-- Opening Marker --

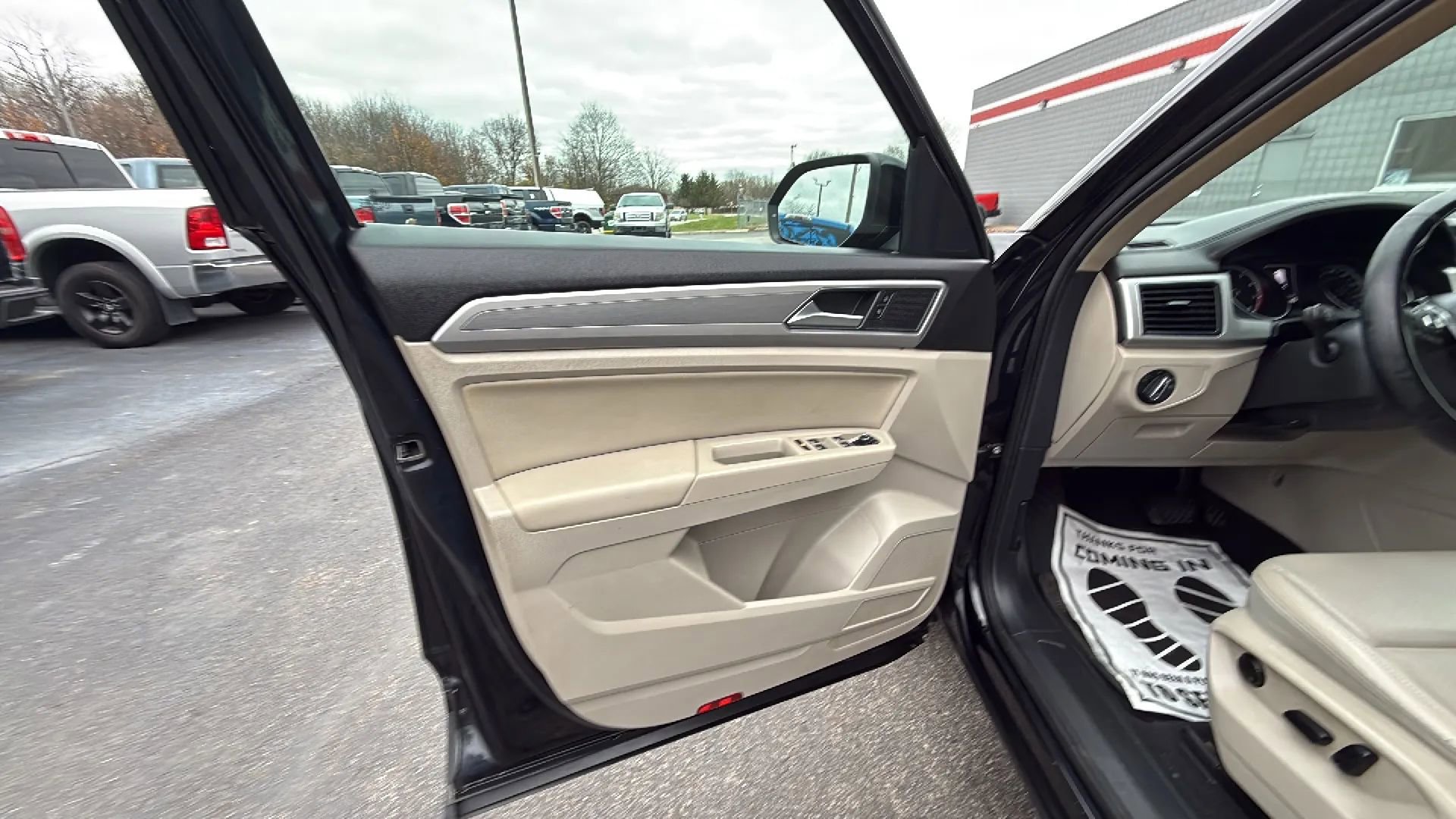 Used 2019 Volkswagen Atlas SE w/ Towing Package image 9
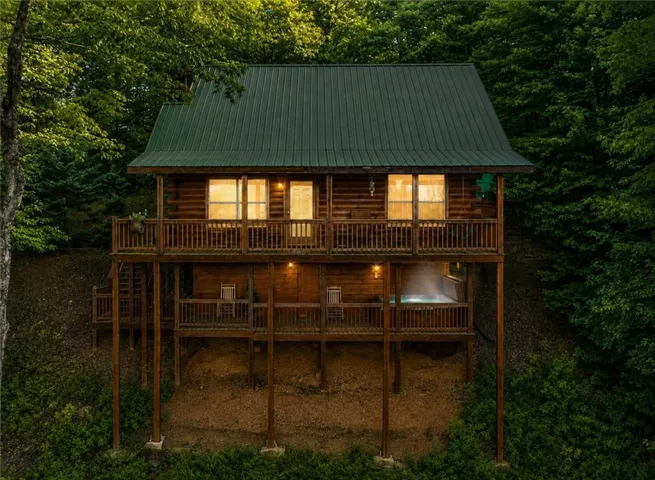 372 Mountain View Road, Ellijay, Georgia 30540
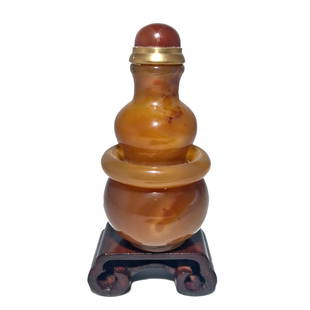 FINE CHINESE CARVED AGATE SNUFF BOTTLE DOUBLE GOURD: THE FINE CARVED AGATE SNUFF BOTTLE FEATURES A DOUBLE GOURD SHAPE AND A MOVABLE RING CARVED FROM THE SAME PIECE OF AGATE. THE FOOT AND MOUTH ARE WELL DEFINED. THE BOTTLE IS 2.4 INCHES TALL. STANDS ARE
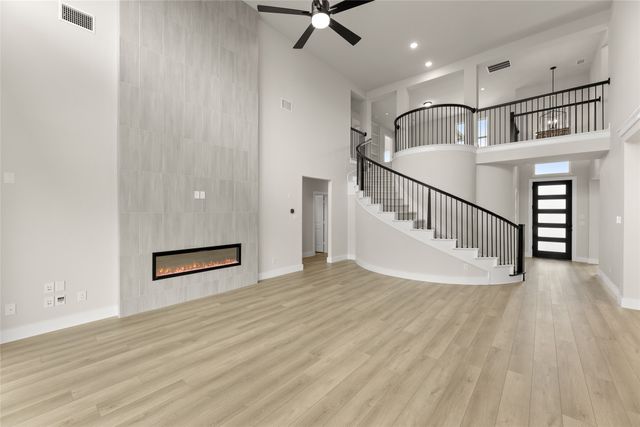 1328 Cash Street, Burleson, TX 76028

-- Closing Marker --

About this task:
The needed output is the lines from the one with "FINE CHINESE CARVED" through the end of the listing, written out exactly, both ends included, pictures excluded.

Answer for the task:
 FINE CHINESE CARVED AGATE SNUFF BOTTLE DOUBLE GOURD: THE FINE CARVED AGATE SNUFF BOTTLE FEATURES A DOUBLE GOURD SHAPE AND A MOVABLE RING CARVED FROM THE SAME PIECE OF AGATE. THE FOOT AND MOUTH ARE WELL DEFINED. THE BOTTLE IS 2.4 INCHES TALL. STANDS ARE
 1328 Cash Street, Burleson, TX 76028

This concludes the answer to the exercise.